Hot and very cold plugs. One is a BP5E S and the other a Champion C59CX. The latter is a plug I used when I raced and is really cold as you can see how short the center electrode is. The ground electrode comes this way - you could not gap it. In high CR engines the ground electrode can glow red hot so the less the better. There are plugs available that have no ground electrode - you just need enough volts. I ran leaded gas 112 octane, and the plug would last between 9 and 10 hours before it started to misfire. It comes with an index mark.
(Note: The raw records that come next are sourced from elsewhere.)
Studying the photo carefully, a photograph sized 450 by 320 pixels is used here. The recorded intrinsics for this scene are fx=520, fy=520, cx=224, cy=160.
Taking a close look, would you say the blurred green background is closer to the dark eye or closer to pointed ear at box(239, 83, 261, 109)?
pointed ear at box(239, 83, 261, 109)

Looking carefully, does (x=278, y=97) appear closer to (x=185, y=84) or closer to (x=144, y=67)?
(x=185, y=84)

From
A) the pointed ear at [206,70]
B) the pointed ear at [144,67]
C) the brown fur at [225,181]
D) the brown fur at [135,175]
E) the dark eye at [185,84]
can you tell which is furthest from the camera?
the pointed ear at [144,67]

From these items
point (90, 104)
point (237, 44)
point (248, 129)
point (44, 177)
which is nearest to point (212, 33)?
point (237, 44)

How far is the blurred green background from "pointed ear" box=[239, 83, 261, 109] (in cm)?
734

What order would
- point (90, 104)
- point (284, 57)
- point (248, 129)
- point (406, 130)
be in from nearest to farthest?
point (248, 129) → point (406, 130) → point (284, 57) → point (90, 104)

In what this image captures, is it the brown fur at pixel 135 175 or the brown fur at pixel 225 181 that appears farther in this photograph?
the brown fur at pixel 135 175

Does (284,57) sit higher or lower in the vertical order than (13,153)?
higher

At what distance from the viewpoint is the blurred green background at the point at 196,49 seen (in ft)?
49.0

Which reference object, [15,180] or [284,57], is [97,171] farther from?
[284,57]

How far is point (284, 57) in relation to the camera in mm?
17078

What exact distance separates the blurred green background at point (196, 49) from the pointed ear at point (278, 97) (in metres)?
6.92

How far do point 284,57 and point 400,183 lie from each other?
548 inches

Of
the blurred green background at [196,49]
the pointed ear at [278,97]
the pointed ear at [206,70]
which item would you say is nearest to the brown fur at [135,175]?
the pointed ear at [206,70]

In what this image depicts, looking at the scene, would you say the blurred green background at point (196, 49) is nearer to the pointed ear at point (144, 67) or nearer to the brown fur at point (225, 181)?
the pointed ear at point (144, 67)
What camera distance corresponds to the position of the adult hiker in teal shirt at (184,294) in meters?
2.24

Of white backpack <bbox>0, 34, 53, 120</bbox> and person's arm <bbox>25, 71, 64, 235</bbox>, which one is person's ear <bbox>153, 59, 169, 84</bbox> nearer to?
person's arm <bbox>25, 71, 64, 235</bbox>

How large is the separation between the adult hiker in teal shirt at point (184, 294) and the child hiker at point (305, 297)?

N5 or N5C are fine…and many N5C can be found on ebay. One would like to think that in 40 years the technology of the plug manufacture would have improved, even is kinda the same…but…given products we see daily today…the reverse is likely. Italian tune ups were common among my group of car friends back in the day. I had straight thru pipes with a resonator on my XK120 then…and after being in town for cruising at night, I’d head out of town and run it up thru the gears nearly to red line…and see the glowing orange embers swirl behind me. I will still do that…but my redline now is 3800, not 5800. When shutting down, I do try to run the engine at 2,000 or so in neutral for a few seconds, drop to idle and quickly shut off. Some make the mistake of checking their spark plugs for “color” when their last few miles were at slow city stop and go before shut down. (in the XK120 world we have those who want original as from factory sparkplugs…now that is fun…not only rare but have to be black base and Made in England).

I tried surface discharge plugs in the Datsun, but at high rpm, they’d cause a misfire… could not understand precisely why.